Data shown:
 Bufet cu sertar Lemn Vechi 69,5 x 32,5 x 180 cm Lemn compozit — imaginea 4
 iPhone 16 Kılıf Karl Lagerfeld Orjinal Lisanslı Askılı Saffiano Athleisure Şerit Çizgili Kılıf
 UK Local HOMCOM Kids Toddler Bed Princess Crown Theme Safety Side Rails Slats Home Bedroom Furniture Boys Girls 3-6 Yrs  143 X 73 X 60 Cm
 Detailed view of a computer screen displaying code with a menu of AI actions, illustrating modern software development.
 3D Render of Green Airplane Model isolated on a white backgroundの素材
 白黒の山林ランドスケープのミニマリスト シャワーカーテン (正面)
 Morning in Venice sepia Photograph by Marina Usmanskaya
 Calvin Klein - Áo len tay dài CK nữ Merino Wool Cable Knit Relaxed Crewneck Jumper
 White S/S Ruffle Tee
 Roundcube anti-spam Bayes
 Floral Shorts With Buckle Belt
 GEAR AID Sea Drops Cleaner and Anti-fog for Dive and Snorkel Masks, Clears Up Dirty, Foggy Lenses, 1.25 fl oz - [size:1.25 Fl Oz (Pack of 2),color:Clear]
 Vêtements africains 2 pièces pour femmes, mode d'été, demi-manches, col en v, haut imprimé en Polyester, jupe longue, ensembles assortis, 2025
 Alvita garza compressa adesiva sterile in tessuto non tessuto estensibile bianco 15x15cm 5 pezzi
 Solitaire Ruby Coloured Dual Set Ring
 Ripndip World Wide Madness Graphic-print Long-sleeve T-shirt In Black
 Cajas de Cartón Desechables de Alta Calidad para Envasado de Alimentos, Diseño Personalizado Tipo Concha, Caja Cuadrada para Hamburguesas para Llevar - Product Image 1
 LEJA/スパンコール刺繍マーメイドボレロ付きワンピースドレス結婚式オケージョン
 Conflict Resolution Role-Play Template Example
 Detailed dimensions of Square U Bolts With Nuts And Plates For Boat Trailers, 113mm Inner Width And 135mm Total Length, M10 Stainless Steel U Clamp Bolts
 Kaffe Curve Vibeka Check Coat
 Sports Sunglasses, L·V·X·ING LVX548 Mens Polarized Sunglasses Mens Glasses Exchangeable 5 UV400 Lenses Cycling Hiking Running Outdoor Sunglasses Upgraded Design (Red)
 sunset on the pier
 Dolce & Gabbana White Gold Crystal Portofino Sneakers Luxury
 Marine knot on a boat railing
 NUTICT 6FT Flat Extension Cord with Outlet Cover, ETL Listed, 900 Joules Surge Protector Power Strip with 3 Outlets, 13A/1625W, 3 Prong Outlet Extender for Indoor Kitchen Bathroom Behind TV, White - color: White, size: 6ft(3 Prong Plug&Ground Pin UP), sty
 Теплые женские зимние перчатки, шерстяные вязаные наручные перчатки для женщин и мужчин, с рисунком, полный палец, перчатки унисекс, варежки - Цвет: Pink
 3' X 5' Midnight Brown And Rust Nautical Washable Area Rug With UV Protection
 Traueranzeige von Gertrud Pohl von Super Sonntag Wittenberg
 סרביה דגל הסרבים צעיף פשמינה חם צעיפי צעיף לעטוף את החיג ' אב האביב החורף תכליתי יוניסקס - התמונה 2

Your task: Word for word, copy out all of the data shown above.

Written response:
 Bufet cu sertar Lemn Vechi 69,5 x 32,5 x 180 cm Lemn compozit — imaginea 4
 iPhone 16 Kılıf Karl Lagerfeld Orjinal Lisanslı Askılı Saffiano Athleisure Şerit Çizgili Kılıf
 UK Local HOMCOM Kids Toddler Bed Princess Crown Theme Safety Side Rails Slats Home Bedroom Furniture Boys Girls 3-6 Yrs  143 X 73 X 60 Cm
 Detailed view of a computer screen displaying code with a menu of AI actions, illustrating modern software development.
 3D Render of Green Airplane Model isolated on a white backgroundの素材
 白黒の山林ランドスケープのミニマリスト シャワーカーテン (正面)
 Morning in Venice sepia Photograph by Marina Usmanskaya
 Calvin Klein - Áo len tay dài CK nữ Merino Wool Cable Knit Relaxed Crewneck Jumper
 White S/S Ruffle Tee
 Roundcube anti-spam Bayes
 Floral Shorts With Buckle Belt
 GEAR AID Sea Drops Cleaner and Anti-fog for Dive and Snorkel Masks, Clears Up Dirty, Foggy Lenses, 1.25 fl oz - [size:1.25 Fl Oz (Pack of 2),color:Clear]
 Vêtements africains 2 pièces pour femmes, mode d'été, demi-manches, col en v, haut imprimé en Polyester, jupe longue, ensembles assortis, 2025
 Alvita garza compressa adesiva sterile in tessuto non tessuto estensibile bianco 15x15cm 5 pezzi
 Solitaire Ruby Coloured Dual Set Ring
 Ripndip World Wide Madness Graphic-print Long-sleeve T-shirt In Black
 Cajas de Cartón Desechables de Alta Calidad para Envasado de Alimentos, Diseño Personalizado Tipo Concha, Caja Cuadrada para Hamburguesas para Llevar - Product Image 1
 LEJA/スパンコール刺繍マーメイドボレロ付きワンピースドレス結婚式オケージョン
 Conflict Resolution Role-Play Template Example
 Detailed dimensions of Square U Bolts With Nuts And Plates For Boat Trailers, 113mm Inner Width And 135mm Total Length, M10 Stainless Steel U Clamp Bolts
 Kaffe Curve Vibeka Check Coat
 Sports Sunglasses, L·V·X·ING LVX548 Mens Polarized Sunglasses Mens Glasses Exchangeable 5 UV400 Lenses Cycling Hiking Running Outdoor Sunglasses Upgraded Design (Red)
 sunset on the pier
 Dolce & Gabbana White Gold Crystal Portofino Sneakers Luxury
 Marine knot on a boat railing
 NUTICT 6FT Flat Extension Cord with Outlet Cover, ETL Listed, 900 Joules Surge Protector Power Strip with 3 Outlets, 13A/1625W, 3 Prong Outlet Extender for Indoor Kitchen Bathroom Behind TV, White - color: White, size: 6ft(3 Prong Plug&Ground Pin UP), sty
 Теплые женские зимние перчатки, шерстяные вязаные наручные перчатки для женщин и мужчин, с рисунком, полный палец, перчатки унисекс, варежки - Цвет: Pink
 3' X 5' Midnight Brown And Rust Nautical Washable Area Rug With UV Protection
 Traueranzeige von Gertrud Pohl von Super Sonntag Wittenberg
 סרביה דגל הסרבים צעיף פשמינה חם צעיפי צעיף לעטוף את החיג ' אב האביב החורף תכליתי יוניסקס - התמונה 2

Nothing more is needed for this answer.